This week at IMPROV Inc. we’ve been reminded of being reminded. Yup: the memorability of a business, no less. How easily can people describe you or your business? It’s an attention economy, after all.


Should you be clearer? More whacky? Less try-hard? What does the calibration look like? Whichever route you go down, you should probably check that your ideal client will relate to your direction and messaging.


Something that rings true… 

Remember when you could recite a dozen friends’ home numbers and your own – backwards, blindfolded, and in French? My (Paul’s) childhood home phone was always answered with a cheery: “Hello, Whiteparish 649,” making us sound like we ran a spy network out of a sleepy Wiltshire village. I assumed we were the 649th household in town. Who was Whiteparish 001? I still want to know.
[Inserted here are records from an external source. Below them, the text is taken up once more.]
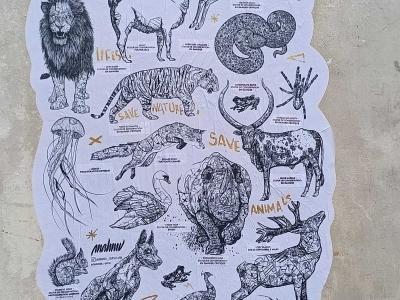 Save the Animals Poster — Street art in Nantes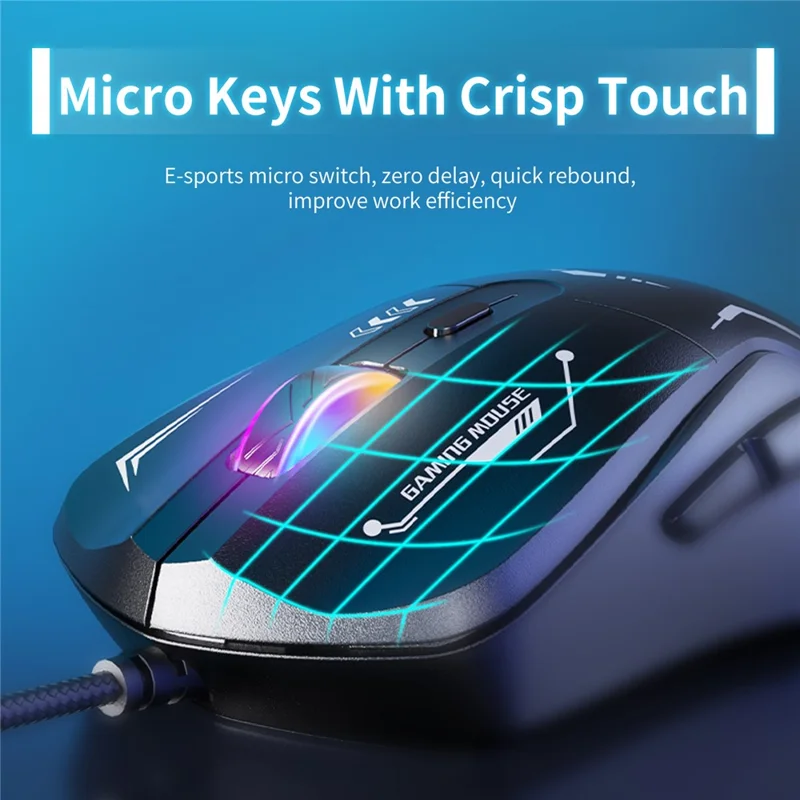 ONIKUMA CW917 Gaming Mouse 6 Keys RGB Color Wired Mechanical Mouse for PC Esports - Black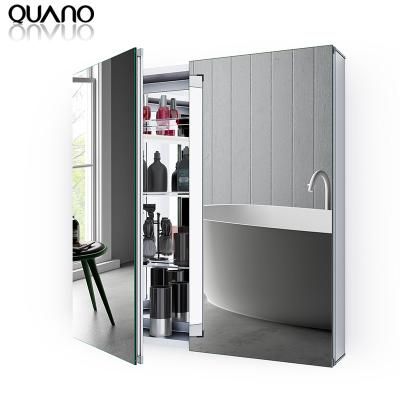 China Modern Large Size Wall Mounted Bathroom Mirror Cabinet With Mirrored Double Doors for sale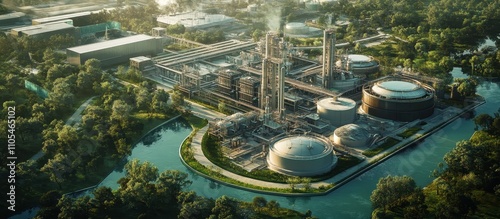 Wallpaper Mural Aerial View of Modern Industrial Plant Surrounded by Lush Greenery and Waterways Under Clear Blue Sky Torontodigital.ca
In the good old days of rotary dials in every home and red phone boxes on every other corner, that recall mattered. Back then, if you didn’t memorise numbers, you simply couldn’t call anyone. You’d be left standing in a phone box with a (big) 10p coin and a blank expression.


Fast-forward to today and I barely know my own phone number, let alone anyone else’s. My brain’s a revolving door of passwords, where I’ve left my specs, puppy habits and which streaming platform’s got the show I’ve forgotten I love. We’ve outsourced recall to the cloud. Yet I still remember Whiteparish 649.


In this attention economy, brand recall starts with what sticks — and what you’d walk to a red phone box in the rain to dial.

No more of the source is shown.